Tuesday, July 10, 2012

Why We Chose Riak

In this blog, we will discuss why we chose Riak as one of the persistence storage engines for our next generation platform. In the next blog, we will show how to use Riak Java client library to create and update objects, creating new secondary index, links, and free text search.

Object Model
Just recap our dual object model, one for external interfacing RESTful Web Services and the internal persistence object model below.

We store only JSONWrapper objects in Riak, along with the appropriate relationships and links. We also need to search for objects based on their name, type, etc.

Why We Chose Riak

I have been playing around with Riak for the past month and came to the conclusion that Riak is a good  option for our next generation platform, for the following reasons;

Ever-Evolving Object Model
The highly adaptive nature of our object model is not a good fit for the traditional ORM on top of RDBMS, as the object model is highly customizable from customer and customer and may evolve from version to version. The transitional ORM would require RDBMS schema to continuously keep up with our ever-evolving object model, requiring enormous efforts on Engineering, Testing, and Operations.

The platform really does not care about the customized and highly evolved properties of object types. In other words, the platform only needs to know a pre-defined set of object properties for persistence and relationship resolution purpose and does not need to know all the other properties.

Riak, on the other hand, gives us the flexibility for storing opaque objects and we decide to store objects as JSON rather than Java objects or XML because JSON serialization is much more flexible and compact and needs far less storage than Java or XML.

High Availability and Multi-Data Center Support
Riak is built as a distributed data storage, with tunable read and write replica strategy.
Riak Enterprise offers multi-data center replication.

Free Text Search 
Riak comes with build-in free text search support, built on top of Lucene.

Adjacency Link Walking
Our object model relies on adjacent link between objects and it is critical to be able to follow the object graph through these adjacency links. Riak offers MapReduced based link walking functionality so we can easily retrieve all objects that are linked to a particular object through any levels of links.

Secondary Index Support
Like RDBMS, Riak offers secondary index support in addition to primary key lookup.

Multi-Tenant Support
Our platform must support multi-tenancy for security, partition and performance reasons, which is not trivial to accomplish in a RDBMS environment.

Riak, on the other hand, partitions data naturally in buckets and buckets are distributed across different nodes. Tenants can be mapped to buckets and data level security can be accomplished through securing access to buckets. If we store  a tenant related data in the same bucket, a user can only access the data if he has access to the bucket and he can't access any objects not belong to accessible buckets.

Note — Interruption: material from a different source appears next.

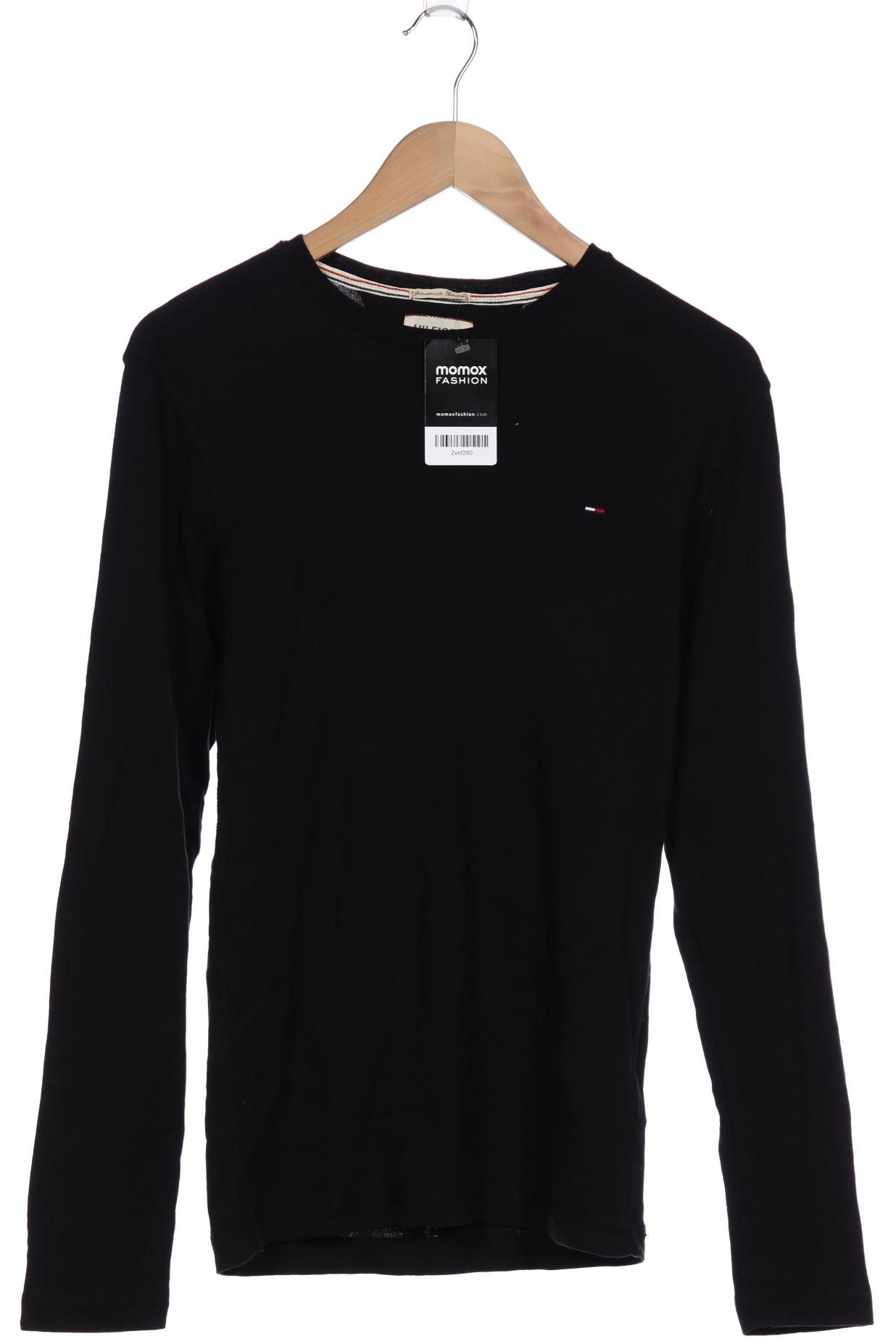 

HILFIGER DENIM Herren Langarmshirt, schwarz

Ad Hoc Query Support Through MapReduce
Riak provides us the ability to run Ad Hoc queries through the entire data set, through a series Map and Reduce phases. The only limitation is that MapReduce is executed in memory and must complete with a timeout limit. This is not a major concern given the size of data set.

Riak is based on a distributed data model, which should perform better than master-slave type of model.

Operation and Monitoring Support
Riak ships with a UI monitoring tool and a set of commends for other administrative tasks like backup/restore, etc.

Concerns about Riak
We do have concerns regarding Riak from a business perspective. Even though Riak is an open source solution, its commercial backer Basho is still relatively young and the user community is not as big as Hadoop, Cassandra, or MongoDB.

To mitigate the risk, we built a persistence abstraction layer that allows us to swamp Riak with a different NoSQL technology in the future if necessary.

1 comment:

  1. In my humble opinion your "concerns" about Riak are ones you'd have with many open source technologies. Mongo is no different. What other NoSQL technology, particularly ones with Riak's features, would you be able to swap out down the track?

    Database abstraction has proven to not mitigate risk in almost every case it's used. If you truly abstract your database then you end up not using all the features which make it worth using. If you don't go to those lengths you may as well not have attempted it at all as your abstraction will leak into the application codebase anyway.

    Good luck with your Riak usage. I doubt you'll be disappointed.